> _Problem requirements_:
Your task is to transcribe exactly, and only, the lines running from the one with "適用アップル16promax" to the end of the listing below, inclusive, with every picture left out.

:: Available data

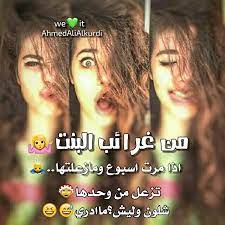 More images for صور غرور بنات » 219 Images About ØºØ±ÙˆØ± Ø£Ù†Ø«Ù‰ On We Heart It See More About Ø­ Ø¨ Ø¨ Ù† Ø§Øª And ïº­ï»£ïº°ï»³ïºŽïº•
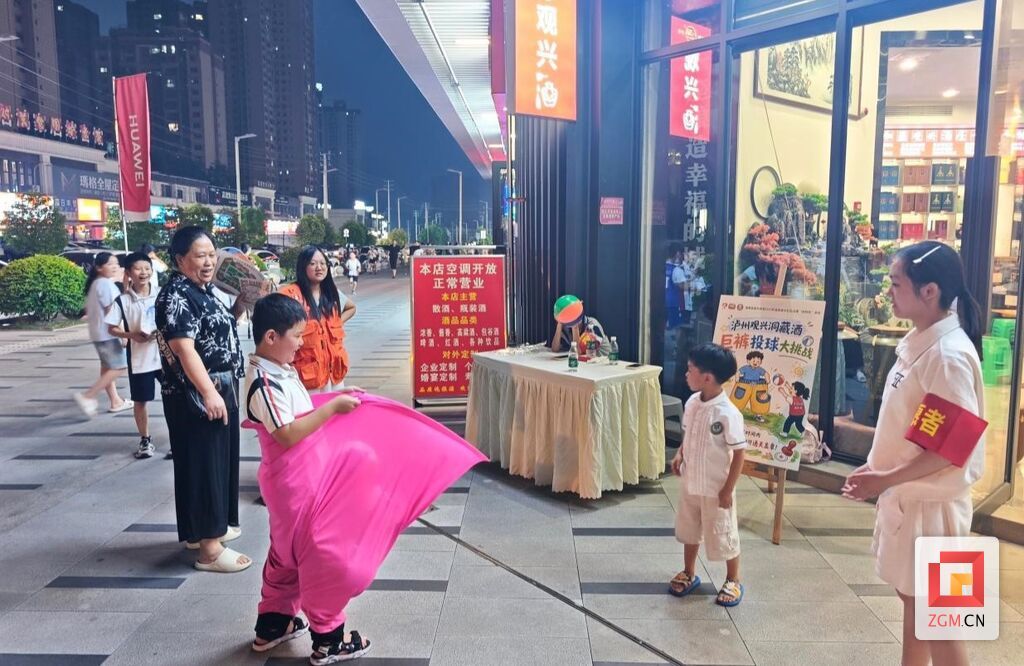 微信图片_20260908132315_801_29.jpg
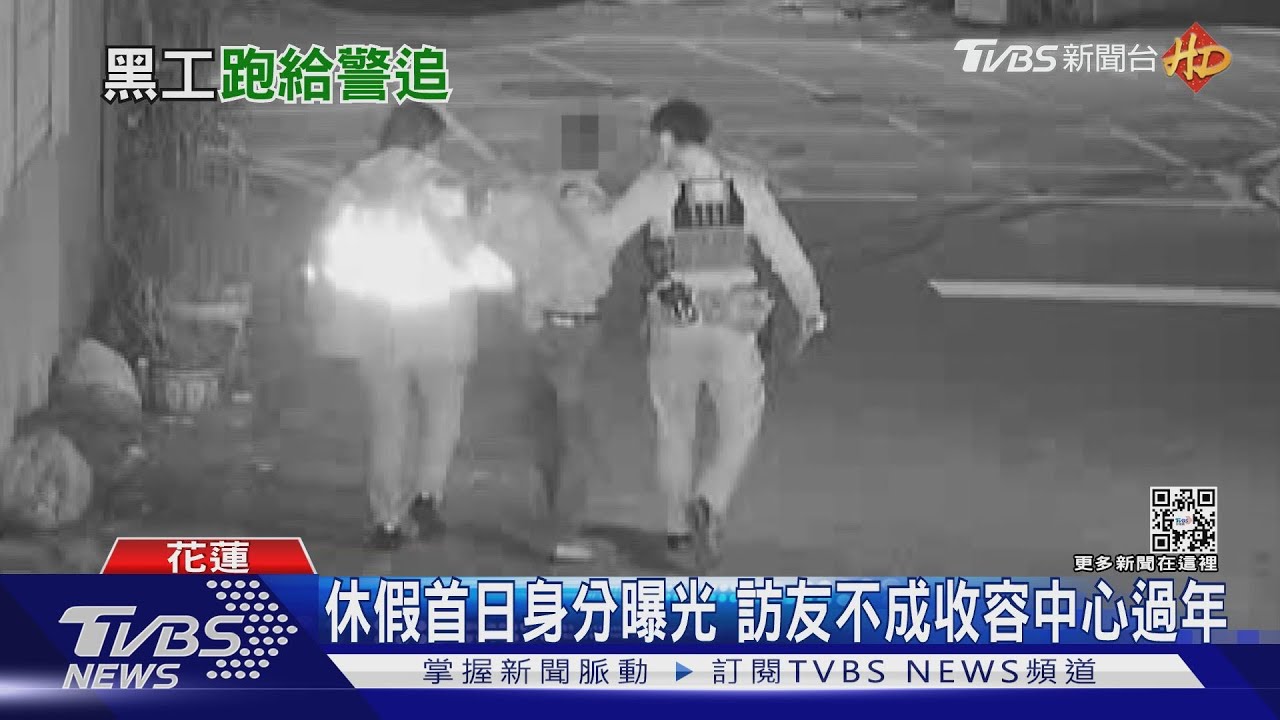 寒冬只穿短袖引警注意 逃逸移工身分曝光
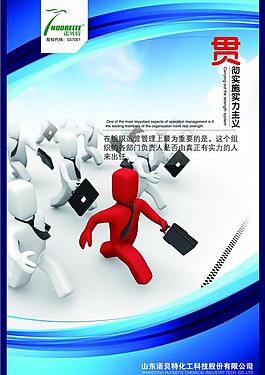 企业文化展板图片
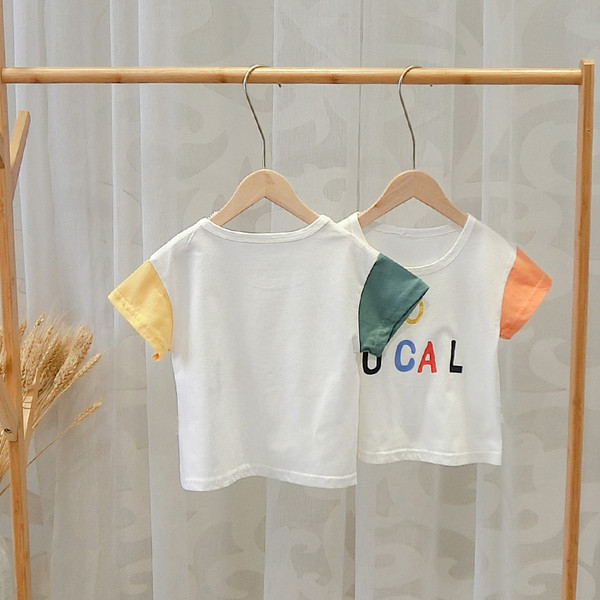 Tricou pentru copii modern pentru baieti in doua culori cu inscriptie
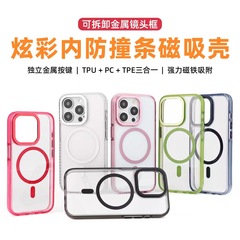 適用アップル16promax携帯ケースアップル15pro内蔵衝突防止バー14金属レンズ付きマグネット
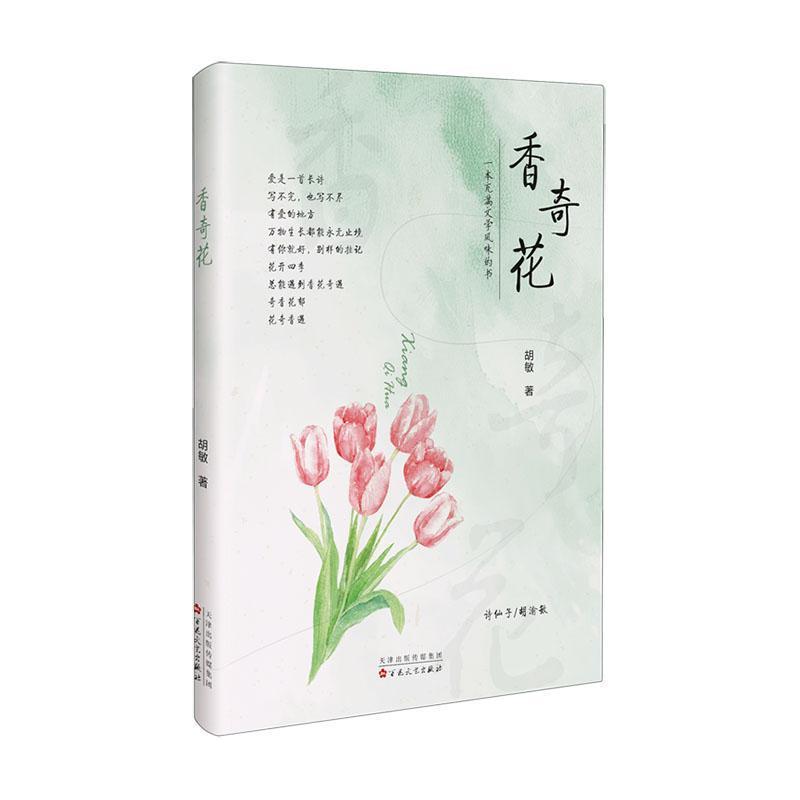 香奇花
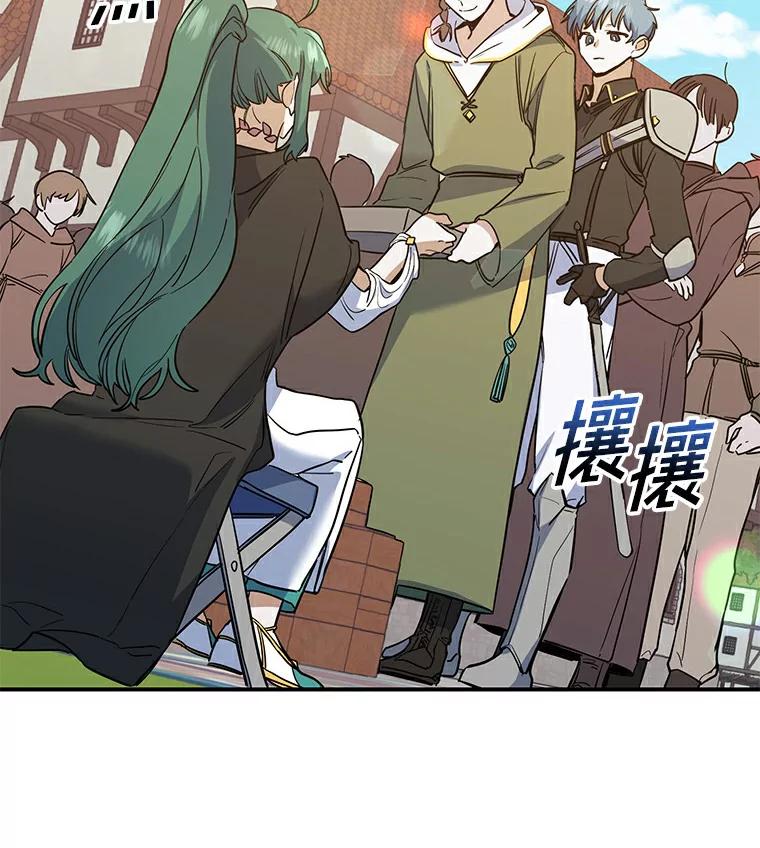 《舌尖上的魔法师》21.公爵登场 第14页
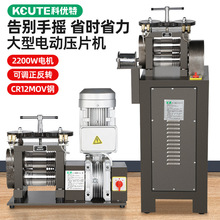 立式3P电动压线金银铜压条机首饰压线机金银加工首饰器材打金工具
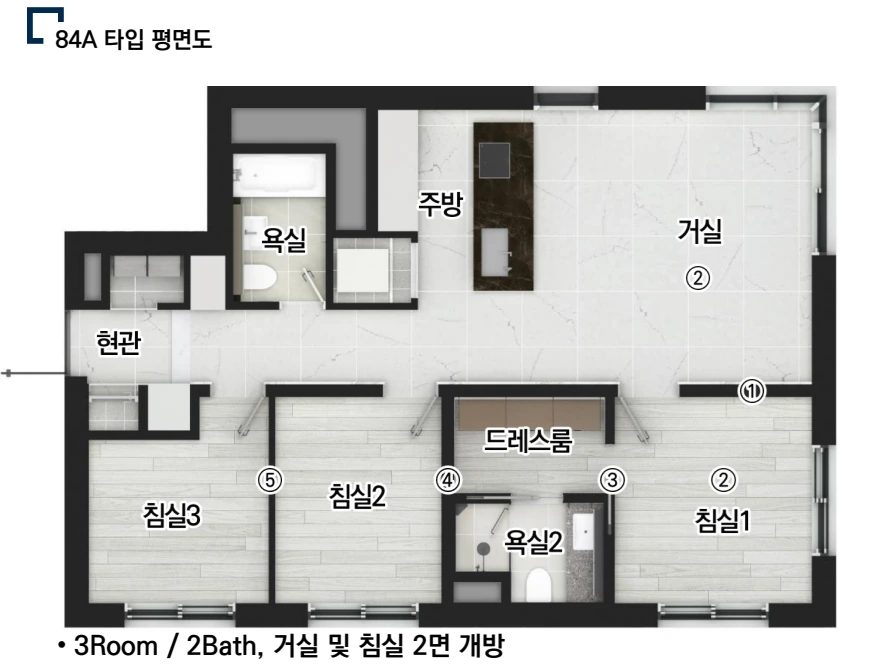 인시그니아반포 전용 84A 평면도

::::

> _Answer space_:
 適用アップル16promax携帯ケースアップル15pro内蔵衝突防止バー14金属レンズ付きマグネット
 香奇花
 《舌尖上的魔法师》21.公爵登场 第14页
 立式3P电动压线金银铜压条机首饰压线机金银加工首饰器材打金工具
 인시그니아반포 전용 84A 평면도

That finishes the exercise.